But getting a copy of that video would prove to be an uphill battle. There were attempts to cover up what happened to Lester. The Department of Corrections got a protective order on the video shielding it from public scrutiny. It would take years and a long protracted legal battle to secure a copy.
12 News made repeated public records requests for the video but were met with denial after denial. Finally, after filing a special action in court, 12 News prevailed.

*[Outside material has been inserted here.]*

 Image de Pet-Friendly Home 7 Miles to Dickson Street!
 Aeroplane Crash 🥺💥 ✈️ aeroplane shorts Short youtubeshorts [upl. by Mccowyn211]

Maricopa County Superior Court Judge David Talamante ordered the DOC to turn the video over to 12 News after wrongfully denying 12 News investigative reporter Wendy Halloran's repeated public records requests for the video.
Judge Talamante also indicated he was inclined to award KPNX attorneys' fees. In the end, the DOC paid more than $26,000 to KPNX for its wrongful denials of that video. A video that would expose the truth about the corrections officers' response to Lester's suicide.

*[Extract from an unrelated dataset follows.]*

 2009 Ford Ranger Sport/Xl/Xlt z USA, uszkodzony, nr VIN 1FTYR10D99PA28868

The video would lead to the February 2013 report: "Watching Tony Die."
Since Lester's death on July 12, 2010, his aunt, Patti Jones, has been on a mission. On Thursday, Jones offered testimony about her nephew's death to the Arizona Senate Judiciary Committee regarding Senate Bill 1439. The Prisoner, Mental Health Transition Bill aimed at reducing recidivism for people with serious mental illness.

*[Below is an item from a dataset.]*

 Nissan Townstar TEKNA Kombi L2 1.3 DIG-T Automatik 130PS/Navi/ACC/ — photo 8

The sponsor of the bill among others is Sen. Nancy Barto, Vice Chairman of the Judiciary Committee who represents Legislative District 15, which encompasses North Phoenix and Northwest Scottsdale. Senate Bill 1439, if passed would require Arizona Department of Corrections Director Charles Ryan to establish a mental health transition pilot program for offenders who are released on community supervision and who the DOC determines would benefit from mental health care.
A topic near and dear to Jones' heart. She delivered an empowered speech and plea to lawmakers to act before it's too late. As Tony's voice, Patti Jones knows the consequences of inaction and she was forthright and poignant in telling them so. So much so, Jones and other advocates who offered testimony before the committee were acknowledged by the lawmakers with a rousing applause.
Senate Bill 1439 passed through the Senate Judiciary Committee and now heads to the Senate floor. The Department of Corrections says it has not yet determined the fiscal impact on the state's General Fund associated with this legislation.